-- Data to process --
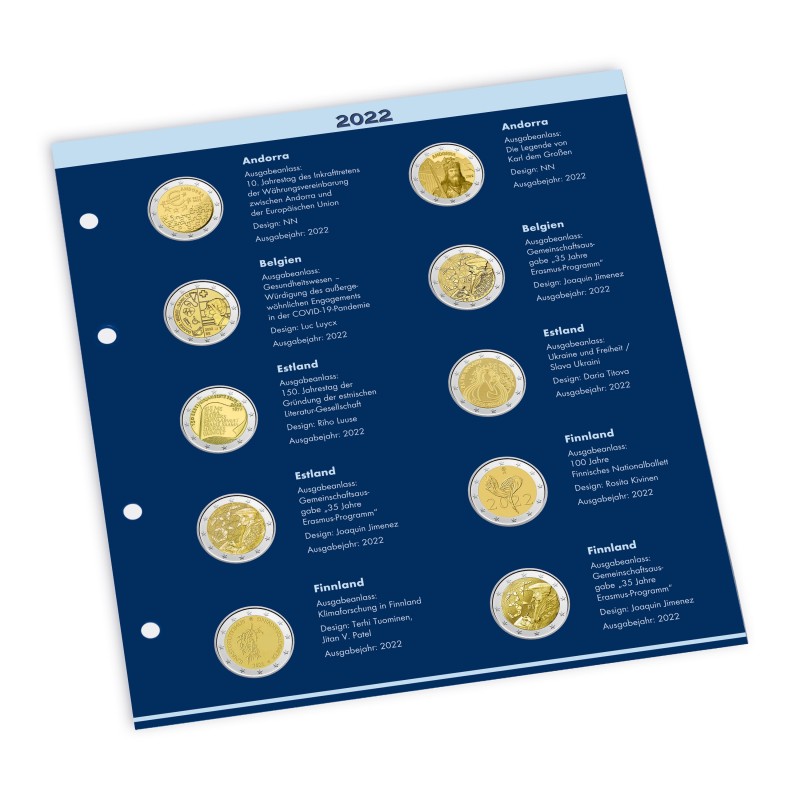 Euromince mince 2 Euro 2022 listy do albumu Leuchtturm NUMIS (nemčina)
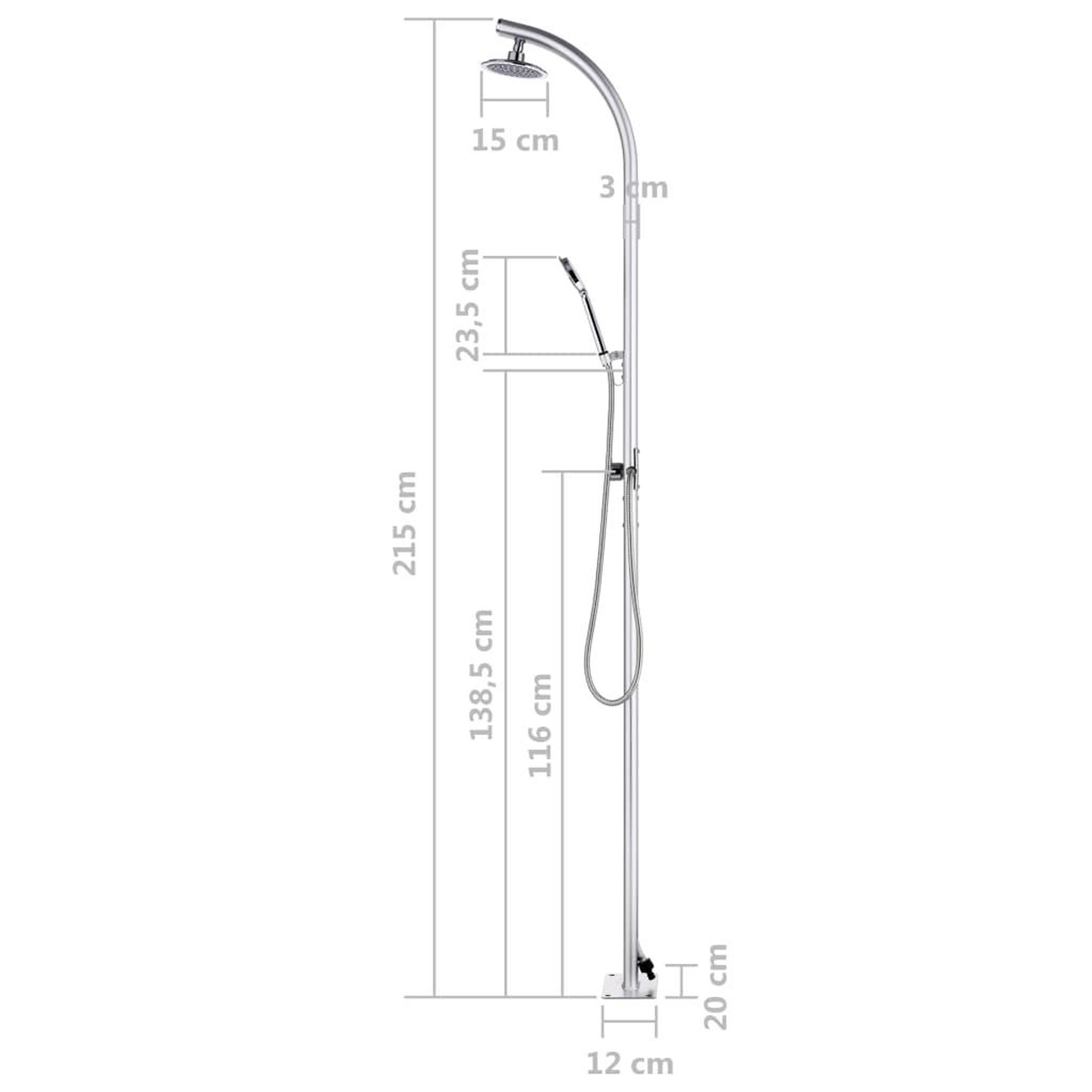 Voir la diapositive 6 : VIDAXL Douche de jardin avec base marron 220 cm Aluminium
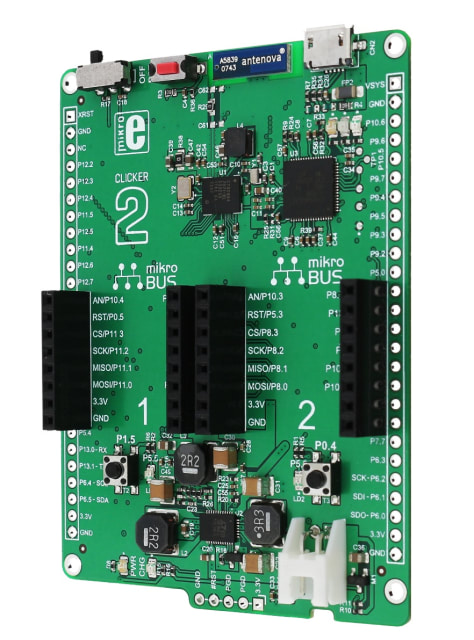 RS Components Clicker 2 for PSoC 6 kit. (Image courtesy of RS Components.)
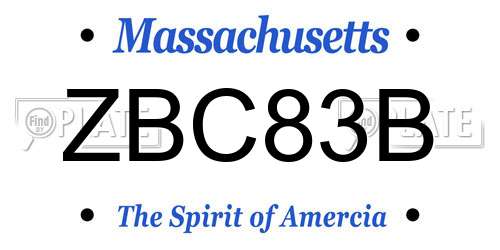 ZBC83B Massachusetts License Plate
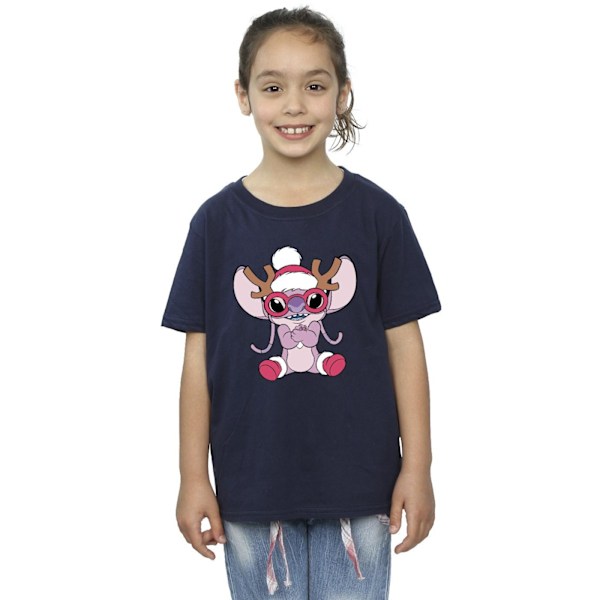 Disney Girls Lilo & Stitch Angel Ren T-shirt i bomull 9-11 år Navy Blue 9-11 Years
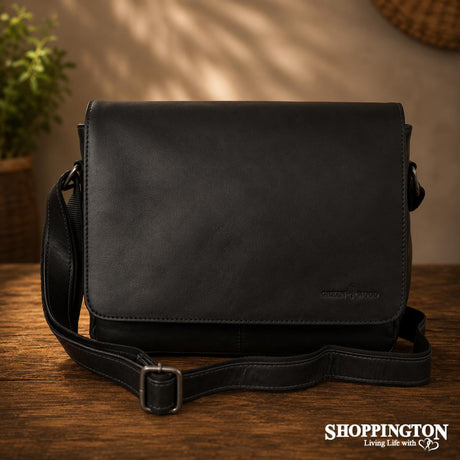 100% Leather Steven Smart Messenger Satchel - Black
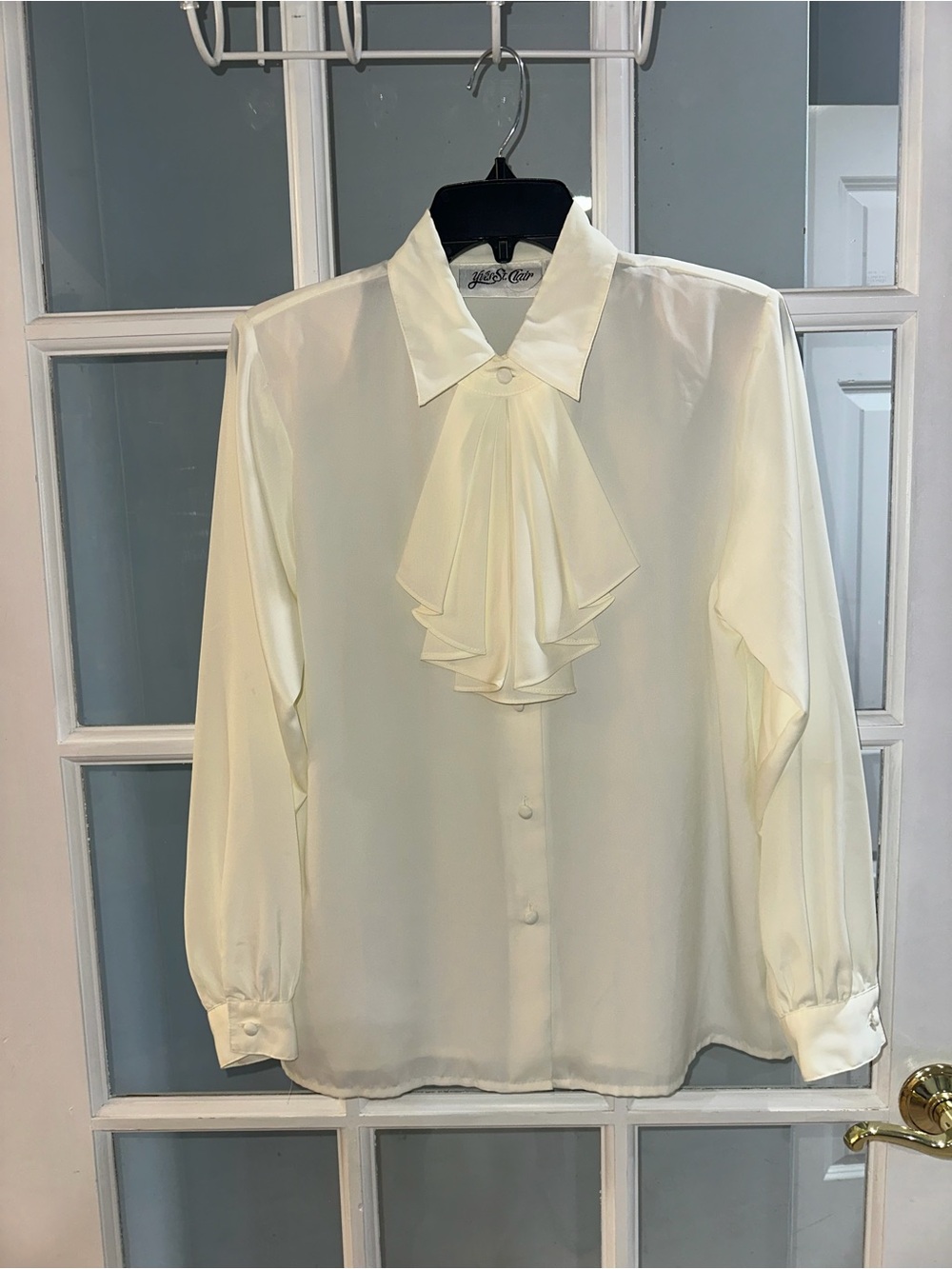 Yves St Clair Vintage Blouse Renaissance Pirate Womens Top Prairie Size 8 Ivory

-- Exercise aim --
In the records above, the lines from the one containing "Voir la diapositive" through the last line are to be written out exactly, both ends included and pictures omitted.

-- Your solution --
 Voir la diapositive 6 : VIDAXL Douche de jardin avec base marron 220 cm Aluminium
 RS Components Clicker 2 for PSoC 6 kit. (Image courtesy of RS Components.)
 ZBC83B Massachusetts License Plate
 Disney Girls Lilo & Stitch Angel Ren T-shirt i bomull 9-11 år Navy Blue 9-11 Years
 100% Leather Steven Smart Messenger Satchel - Black
 Yves St Clair Vintage Blouse Renaissance Pirate Womens Top Prairie Size 8 Ivory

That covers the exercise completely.